The primary outcome was unplanned hospital admission for any cause, defined as first Hospital Episode Statistics episode recorded as an emergency admission, where there has been no prior admission in the same month. Secondary outcomes were (1) diabetes-related emergency admission with a record of a section E10–E14 ICD10 code in the first episode of a Hospital Episode Statistics inpatient spell with no previous such admission in the same month and (2) cardiovascular-related emergency admission with a Chapter IX ICD10 code, again with no such prior admission in the same month.

Covariates

Covariates were measured at baseline and included socio-demographic (age, sex, ethnicity and 2010 patient-level index of multiple deprivation), primary care practice geographical region, lifestyle (body mass index, smoking status and alcohol consumption), and disease- and co-morbidity-related variables. Disease-related variables included years since diabetes diagnosis, number of diabetes complications, as well as the number of glucose lowering therapies prescribed and the presence of insulin prescription – both of which were measured in the six months before cohort entry. Co-morbidities were defined by the number of Quality and Outcomes Framework registers in 2010–2011 on which the patient appeared, number of hospital admissions in the same year and number of prescriptions issued in the six months prior to cohort entry. Supplementary File 2 contains complete variable definitions.

Statistical analysis

Cohort baseline characteristics were summarised, including missingness among variables. Practice-level index of multiple deprivation values were used to impute missing patient-level index of multiple deprivation data. Missing ethnicity and lifestyle variables were imputed using the mice package¹⁷ in RStudio 3.5.1 from the remaining covariates by employing five imputations. To reduce confounding, logistic regression models, in which each exposure was the response, were used to produce a balanced sample across patient characteristics using nearest neighbour 1:1 propensity score matching through the matchit package,¹⁸ with a caliper of 0.2 for each exposure.¹⁹ Univariate and multivariate Poisson regression models were implemented using the matched samples for each exposure with the respective exposure included as a covariate. Resulting unadjusted and adjusted incidence rate ratios were produced, denoting the differential incidence of each outcome by exposure status, for each exposure. Concordance statistics were computed for each of the multivariate models. A secondary analysis was performed to explore time-to-first hospitalisation from the matched samples. Univariate and multivariate Cox proportional hazard models were implemented, and hazard ratios for the exposure definitions were produced.
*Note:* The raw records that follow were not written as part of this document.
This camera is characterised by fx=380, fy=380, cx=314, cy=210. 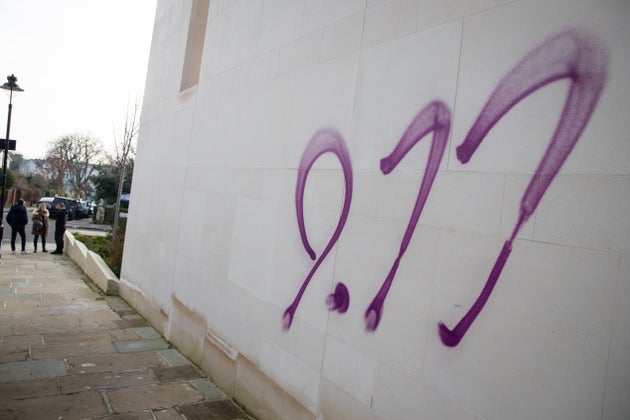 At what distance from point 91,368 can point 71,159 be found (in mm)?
51018

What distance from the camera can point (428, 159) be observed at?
224 cm

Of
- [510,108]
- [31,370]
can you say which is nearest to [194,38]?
[31,370]

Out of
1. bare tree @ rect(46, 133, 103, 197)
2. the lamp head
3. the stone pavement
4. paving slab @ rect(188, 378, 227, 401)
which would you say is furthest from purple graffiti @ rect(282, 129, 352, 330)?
bare tree @ rect(46, 133, 103, 197)

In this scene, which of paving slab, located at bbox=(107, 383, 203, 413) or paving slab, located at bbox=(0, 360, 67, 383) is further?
paving slab, located at bbox=(0, 360, 67, 383)

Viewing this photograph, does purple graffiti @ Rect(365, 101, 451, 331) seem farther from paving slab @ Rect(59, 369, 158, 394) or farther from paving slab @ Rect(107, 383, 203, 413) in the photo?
paving slab @ Rect(59, 369, 158, 394)

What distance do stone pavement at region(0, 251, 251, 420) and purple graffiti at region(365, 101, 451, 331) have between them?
195 cm

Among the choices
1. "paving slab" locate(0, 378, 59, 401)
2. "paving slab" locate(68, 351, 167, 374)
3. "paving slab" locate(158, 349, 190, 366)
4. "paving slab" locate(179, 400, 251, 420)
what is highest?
"paving slab" locate(179, 400, 251, 420)

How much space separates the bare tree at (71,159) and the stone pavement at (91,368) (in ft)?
150

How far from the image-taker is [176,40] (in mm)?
6133

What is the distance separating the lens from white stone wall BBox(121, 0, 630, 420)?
1575 millimetres

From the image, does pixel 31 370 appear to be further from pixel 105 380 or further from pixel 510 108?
pixel 510 108

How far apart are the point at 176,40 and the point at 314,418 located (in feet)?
19.2

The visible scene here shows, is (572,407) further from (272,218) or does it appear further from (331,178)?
(272,218)

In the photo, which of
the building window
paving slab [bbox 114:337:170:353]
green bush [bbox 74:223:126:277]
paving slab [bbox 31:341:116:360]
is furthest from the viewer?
green bush [bbox 74:223:126:277]
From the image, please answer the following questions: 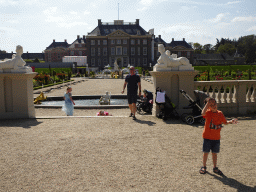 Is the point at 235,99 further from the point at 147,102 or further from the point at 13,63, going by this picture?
the point at 13,63

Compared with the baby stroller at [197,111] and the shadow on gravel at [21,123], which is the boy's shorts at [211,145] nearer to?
the baby stroller at [197,111]

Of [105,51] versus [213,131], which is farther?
[105,51]

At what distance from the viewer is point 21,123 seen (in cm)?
708

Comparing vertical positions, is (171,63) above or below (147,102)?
above

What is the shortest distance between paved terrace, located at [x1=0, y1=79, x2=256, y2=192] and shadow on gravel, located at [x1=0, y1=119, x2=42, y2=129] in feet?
0.09

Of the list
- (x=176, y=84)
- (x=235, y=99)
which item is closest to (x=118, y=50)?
(x=235, y=99)

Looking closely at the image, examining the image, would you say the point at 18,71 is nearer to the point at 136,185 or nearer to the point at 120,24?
the point at 136,185

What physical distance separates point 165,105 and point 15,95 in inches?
178

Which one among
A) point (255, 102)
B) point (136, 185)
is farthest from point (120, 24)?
point (136, 185)

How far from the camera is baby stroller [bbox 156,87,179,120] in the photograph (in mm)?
7174

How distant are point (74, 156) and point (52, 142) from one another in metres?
1.08

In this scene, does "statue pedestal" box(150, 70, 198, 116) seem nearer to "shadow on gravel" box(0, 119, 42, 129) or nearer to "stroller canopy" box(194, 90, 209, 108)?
"stroller canopy" box(194, 90, 209, 108)

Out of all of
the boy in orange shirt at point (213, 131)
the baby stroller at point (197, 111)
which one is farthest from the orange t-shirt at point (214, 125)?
the baby stroller at point (197, 111)

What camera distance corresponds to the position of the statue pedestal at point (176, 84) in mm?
7693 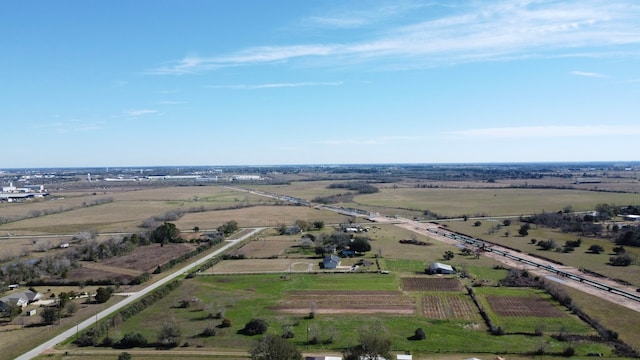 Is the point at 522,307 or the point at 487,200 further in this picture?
the point at 487,200

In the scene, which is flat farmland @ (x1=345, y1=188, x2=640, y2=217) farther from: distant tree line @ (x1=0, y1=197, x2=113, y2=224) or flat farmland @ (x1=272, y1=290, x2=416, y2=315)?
distant tree line @ (x1=0, y1=197, x2=113, y2=224)

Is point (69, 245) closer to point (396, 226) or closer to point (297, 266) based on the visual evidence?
point (297, 266)

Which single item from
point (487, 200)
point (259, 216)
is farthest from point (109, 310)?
point (487, 200)

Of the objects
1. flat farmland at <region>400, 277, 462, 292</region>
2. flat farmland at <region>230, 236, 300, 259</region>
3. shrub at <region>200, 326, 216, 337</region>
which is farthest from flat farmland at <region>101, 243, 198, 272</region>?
flat farmland at <region>400, 277, 462, 292</region>

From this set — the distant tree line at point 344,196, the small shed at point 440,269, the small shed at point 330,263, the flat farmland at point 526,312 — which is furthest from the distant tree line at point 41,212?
the flat farmland at point 526,312

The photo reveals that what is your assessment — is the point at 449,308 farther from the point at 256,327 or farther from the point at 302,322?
the point at 256,327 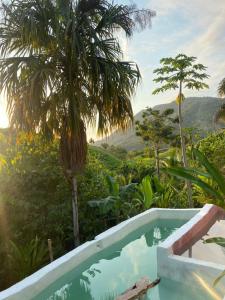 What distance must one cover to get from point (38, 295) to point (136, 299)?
1.70 meters

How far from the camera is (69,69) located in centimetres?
732

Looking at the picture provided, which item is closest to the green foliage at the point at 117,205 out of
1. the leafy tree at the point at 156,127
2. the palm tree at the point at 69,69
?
the palm tree at the point at 69,69

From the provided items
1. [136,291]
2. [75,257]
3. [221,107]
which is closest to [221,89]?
[221,107]

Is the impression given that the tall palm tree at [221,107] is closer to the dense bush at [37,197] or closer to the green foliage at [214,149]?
the green foliage at [214,149]

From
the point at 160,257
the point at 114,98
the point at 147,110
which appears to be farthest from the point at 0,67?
the point at 147,110

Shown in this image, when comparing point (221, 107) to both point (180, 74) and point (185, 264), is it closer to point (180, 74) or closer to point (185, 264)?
point (180, 74)

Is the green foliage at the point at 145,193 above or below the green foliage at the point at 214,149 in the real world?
below

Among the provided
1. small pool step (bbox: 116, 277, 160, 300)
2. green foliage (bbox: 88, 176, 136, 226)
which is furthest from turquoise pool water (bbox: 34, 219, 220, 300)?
green foliage (bbox: 88, 176, 136, 226)

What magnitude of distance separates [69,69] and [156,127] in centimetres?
1081

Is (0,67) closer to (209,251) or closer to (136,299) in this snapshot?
(136,299)

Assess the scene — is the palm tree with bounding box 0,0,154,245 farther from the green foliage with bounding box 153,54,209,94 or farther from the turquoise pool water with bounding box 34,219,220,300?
the green foliage with bounding box 153,54,209,94

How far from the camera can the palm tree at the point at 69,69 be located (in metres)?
6.87

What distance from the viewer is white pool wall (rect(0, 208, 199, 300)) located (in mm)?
4988

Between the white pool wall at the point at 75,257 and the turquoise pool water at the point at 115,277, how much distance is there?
0.11 m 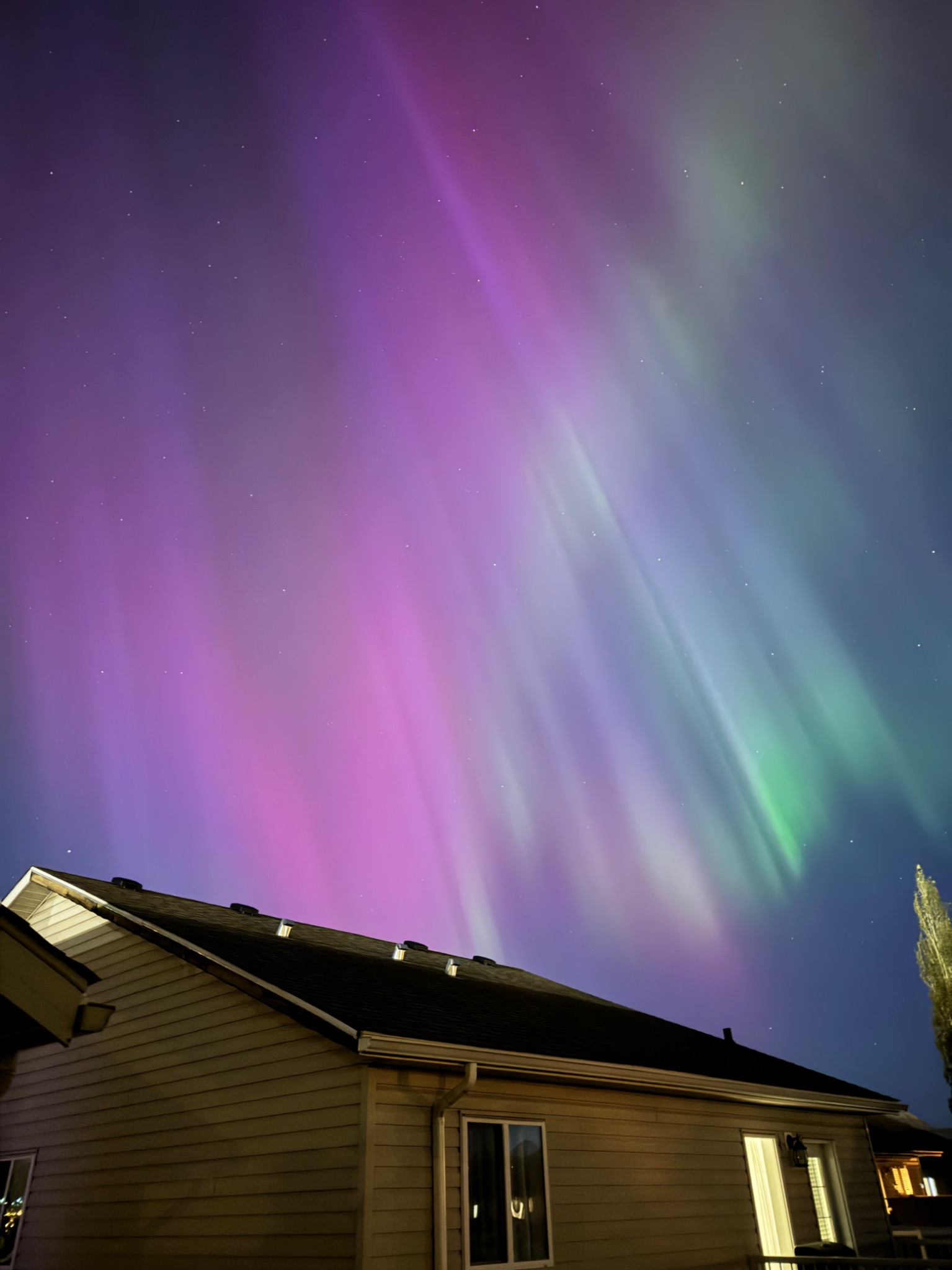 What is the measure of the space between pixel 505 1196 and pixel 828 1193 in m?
8.95

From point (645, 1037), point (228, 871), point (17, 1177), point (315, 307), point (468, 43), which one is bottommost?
point (17, 1177)

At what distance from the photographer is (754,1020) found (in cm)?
15275

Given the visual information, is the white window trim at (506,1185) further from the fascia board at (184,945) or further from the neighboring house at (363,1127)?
the fascia board at (184,945)

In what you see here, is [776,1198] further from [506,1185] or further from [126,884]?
[126,884]

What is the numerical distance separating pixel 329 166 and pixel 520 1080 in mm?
23983

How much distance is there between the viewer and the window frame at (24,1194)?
33.7 feet

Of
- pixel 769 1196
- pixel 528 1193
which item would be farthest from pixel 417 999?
pixel 769 1196

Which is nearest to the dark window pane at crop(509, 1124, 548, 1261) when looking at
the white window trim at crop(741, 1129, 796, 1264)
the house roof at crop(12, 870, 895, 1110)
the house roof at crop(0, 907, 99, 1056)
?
the house roof at crop(12, 870, 895, 1110)

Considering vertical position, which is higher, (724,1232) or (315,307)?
(315,307)

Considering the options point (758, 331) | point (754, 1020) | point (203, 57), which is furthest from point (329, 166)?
point (754, 1020)

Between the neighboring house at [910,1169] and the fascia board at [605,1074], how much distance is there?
4.94 metres

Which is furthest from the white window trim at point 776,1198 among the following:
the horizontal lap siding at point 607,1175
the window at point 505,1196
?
the window at point 505,1196

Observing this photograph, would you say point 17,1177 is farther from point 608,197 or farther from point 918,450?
point 918,450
Sensitivity analyses were conducted for all unplanned admission outcomes to explore the impact of Quality and Outcomes Framework indicator achievement among those who met the remaining two indicators (i.e. participants not considered as the exposure).

Results

Data availability and cohort characteristics

The study included 84,441 adults (44.2% female), registered across 330 practices, who were diagnosed with type 2 diabetes mellitus before 1 April 2010. Table 1 summarises cohort baseline characteristics. The average age was 68.0 (SD 12.5) years with a mean diabetes duration of 7.4 (SD 5.5) years; 83.6% were of white ethnicity, and deprivation was approximately evenly distributed across quintiles. The majority were overweight or obese (83.4%), current or ex-smokers (51.8%), and/or consumed alcohol (70.5%). Individuals experienced an average of 2.4 (SD 1.7) co-morbidities and 1.7 (SD 1.3) diabetic complications. They received a median of 6.0 (interquartile range, IQR 3–12) different prescriptions and an average of 1.3 (SD 1.0) glucose lowering therapies within six months prior to baseline, with insulin prescribed to 12,014 patients (14.2%) in that period.

Table 1.

Baseline characteristics and outcome summaries of the cohort of people with type 2 diabetes (N = 84,441).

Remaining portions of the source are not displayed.